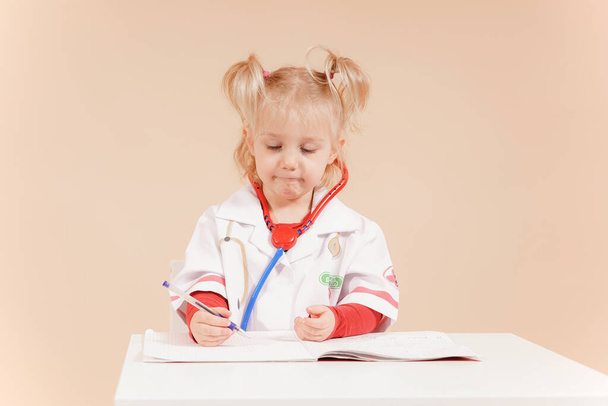 A child dressed as a doctor takes notes in a notebook and listens attentively to the patient. High quality photo - Foto, immagini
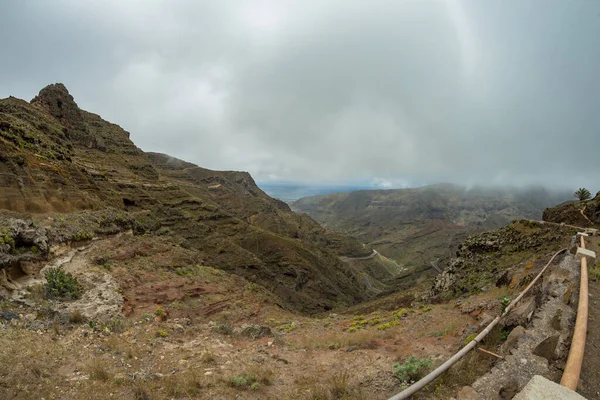 在自然公园山中一条狭窄的乡村小道的紧要关头之一。 峡谷和拉戈梅拉岛首府圣塞巴斯蒂安的景色。 加那利群岛，西班牙 — 图库照片
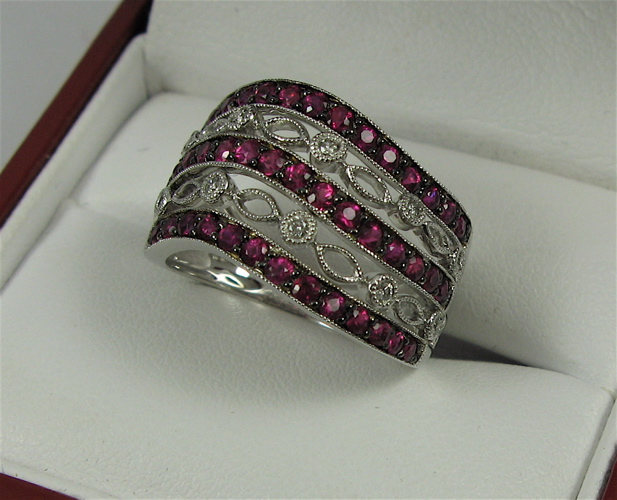 Appraisal: RUBY DIAMOND AND K WHITE GOLD RING set with round-cut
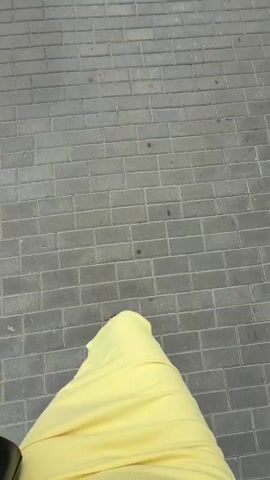The video shows a person walking on a paved sidewalk. The camera is positioned looking down at the person's feet and lower legs. The person is wearing a long, bright yellow dress and black sandals. A black purse is visible on the left side of the frame, being held by the person. The sidewalk is made of rectangular gray bricks laid in a stretcher bond pattern. The lighting suggests it is daytime. The action is limited to the person's feet and legs moving forward, indicating walking. There are no other people or objects clearly visible in the frame.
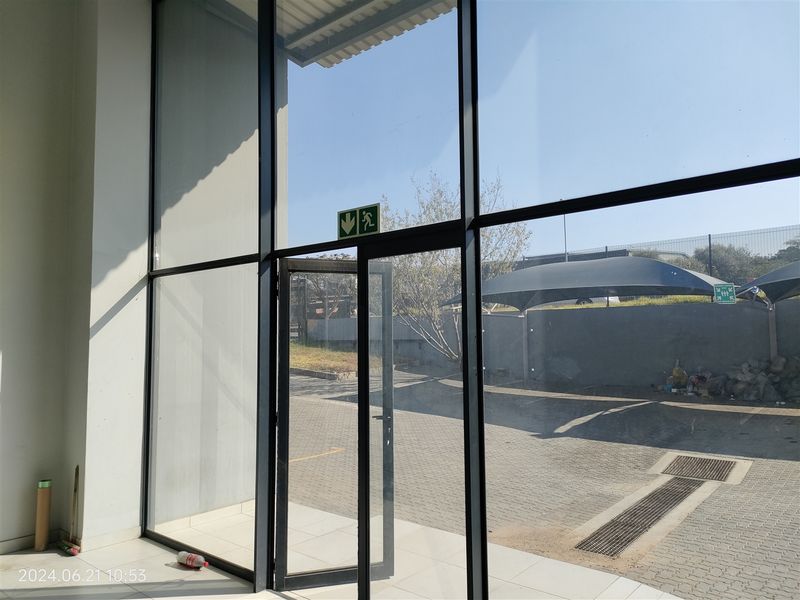 Bright industrial entrance area featuring expansive floor-to-ceiling glass panels, aluminium framing, and clean tiled flooring with direct access to the exterior parking area.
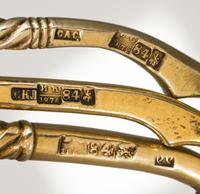 Three Russian Silver-Gilt Serving Spoons, Marks of S. Stroganov, Stepan Levin and GAC, Moscow, 19th century, each having a twist handle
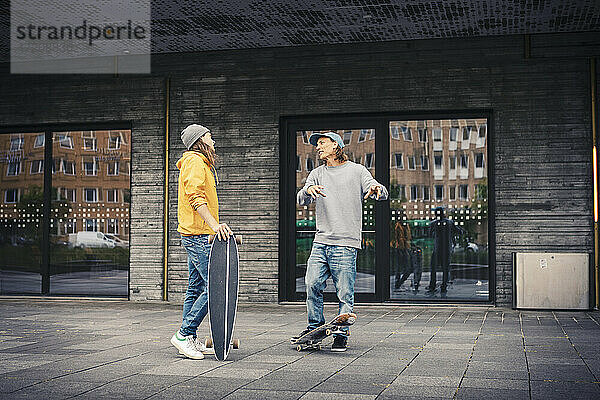 Männliche Freunde unterhalten sich  während sie mit Skateboard auf dem Fußweg stehen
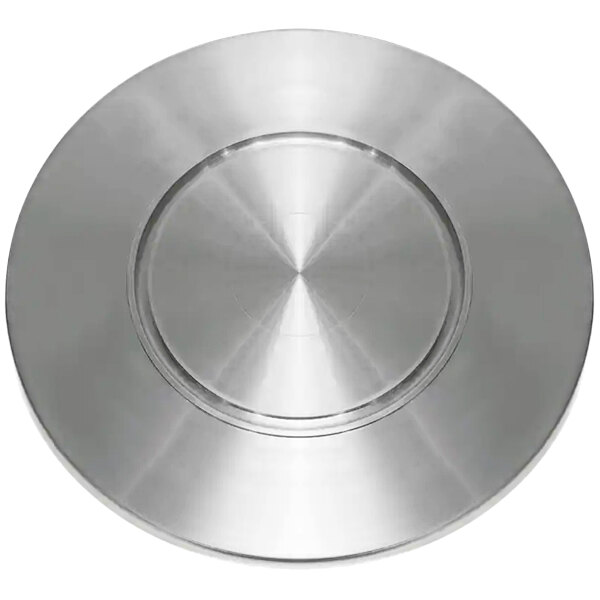 A silver circular plate with a circular design in the center.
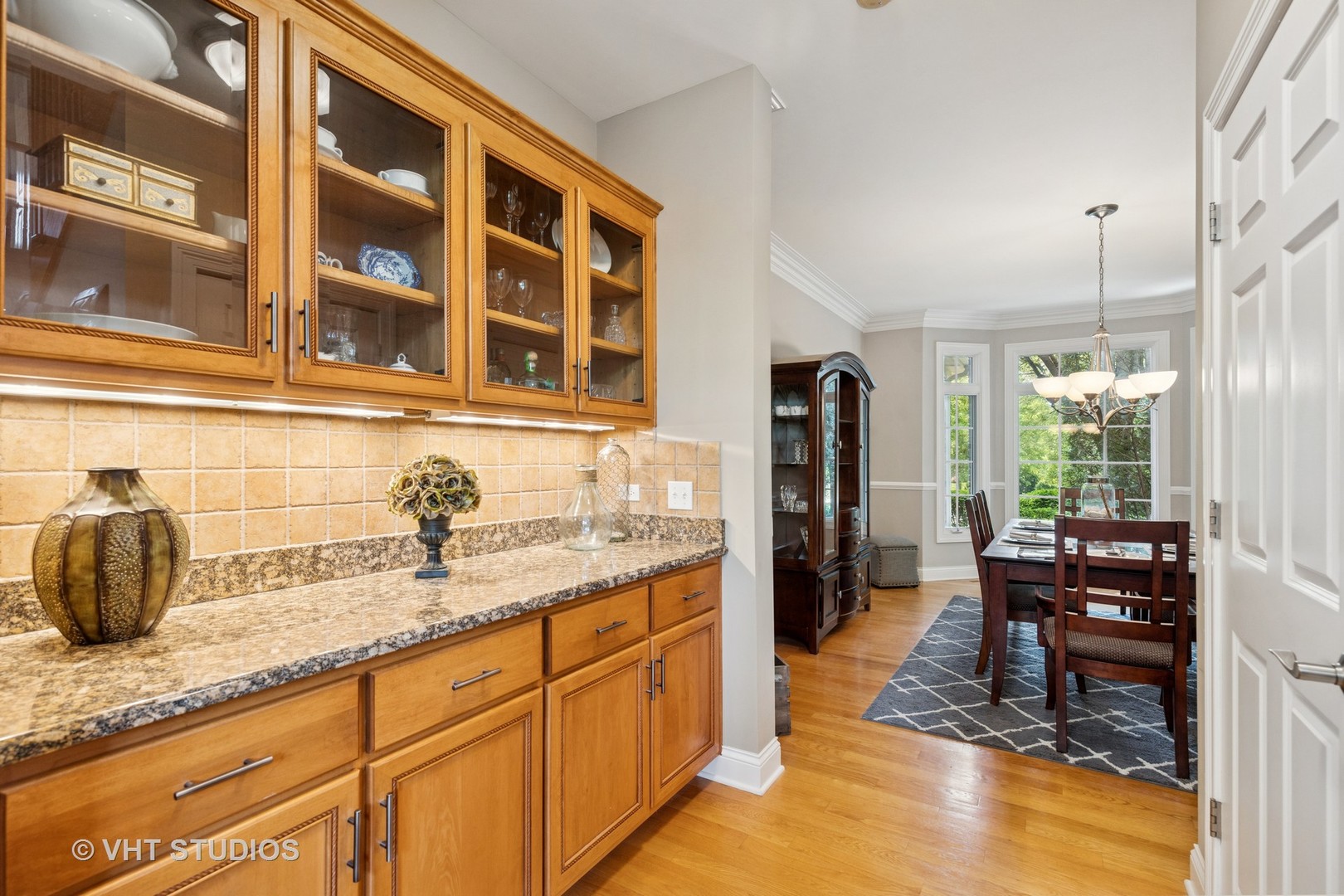 Kitchen with glass-front wood cabinets and granite counters opening to a bright dining area.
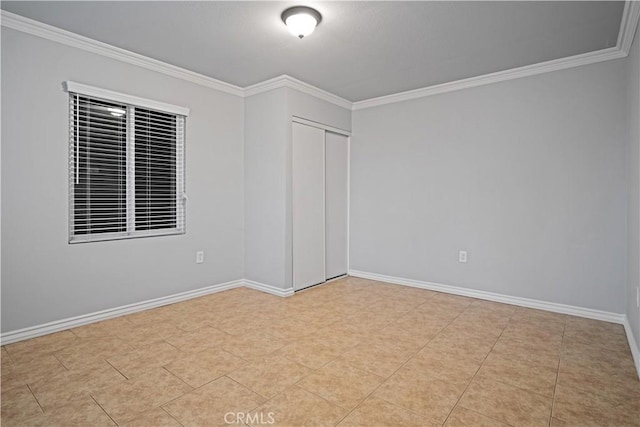 tiled spare room with ornamental molding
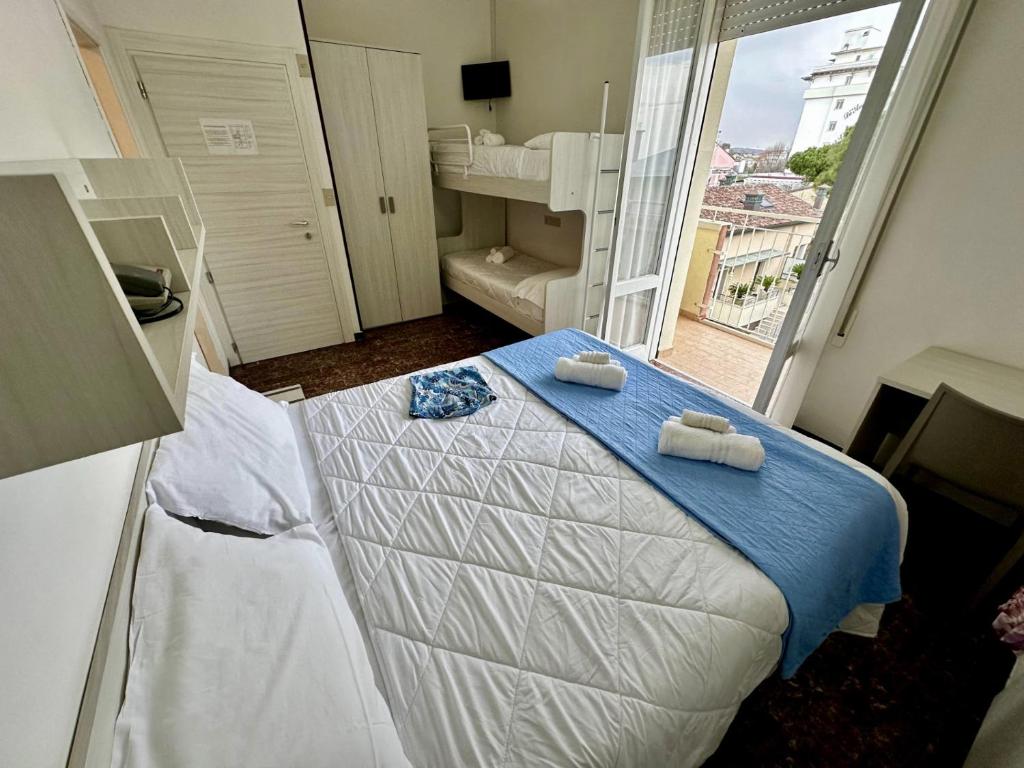 Posteľ alebo postele v izbe v ubytovaní Hotel Napoleon Leisure and Relax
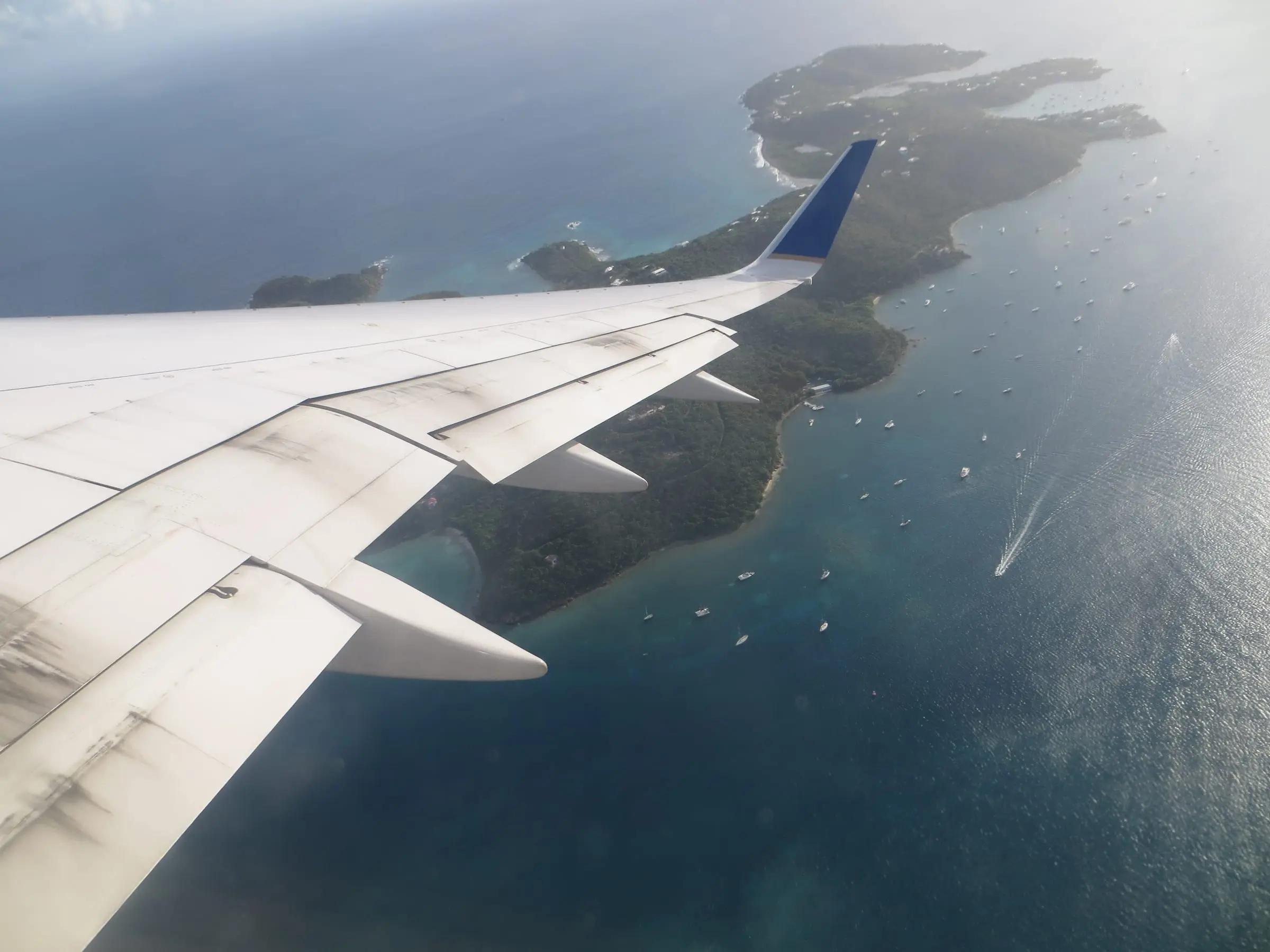 Water Island and the boats moored off its shore, seen from an airplane window with the wing in the foreground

-- -- --

The entries above need to be output again in full, exactly, and without pictures.

 A child dressed as a doctor takes notes in a notebook and listens attentively to the patient. High quality photo - Foto, immagini
 在自然公园山中一条狭窄的乡村小道的紧要关头之一。 峡谷和拉戈梅拉岛首府圣塞巴斯蒂安的景色。 加那利群岛，西班牙 — 图库照片
 Appraisal: RUBY DIAMOND AND K WHITE GOLD RING set with round-cut
The video shows a person walking on a paved sidewalk. The camera is positioned looking down at the person's feet and lower legs. The person is wearing a long, bright yellow dress and black sandals. A black purse is visible on the left side of the frame, being held by the person. The sidewalk is made of rectangular gray bricks laid in a stretcher bond pattern. The lighting suggests it is daytime. The action is limited to the person's feet and legs moving forward, indicating walking. There are no other people or objects clearly visible in the frame.
 Bright industrial entrance area featuring expansive floor-to-ceiling glass panels, aluminium framing, and clean tiled flooring with direct access to the exterior parking area.
 Three Russian Silver-Gilt Serving Spoons, Marks of S. Stroganov, Stepan Levin and GAC, Moscow, 19th century, each having a twist handle
 Männliche Freunde unterhalten sich  während sie mit Skateboard auf dem Fußweg stehen
 A silver circular plate with a circular design in the center.
 Kitchen with glass-front wood cabinets and granite counters opening to a bright dining area.
 tiled spare room with ornamental molding
 Posteľ alebo postele v izbe v ubytovaní Hotel Napoleon Leisure and Relax
 Water Island and the boats moored off its shore, seen from an airplane window with the wing in the foreground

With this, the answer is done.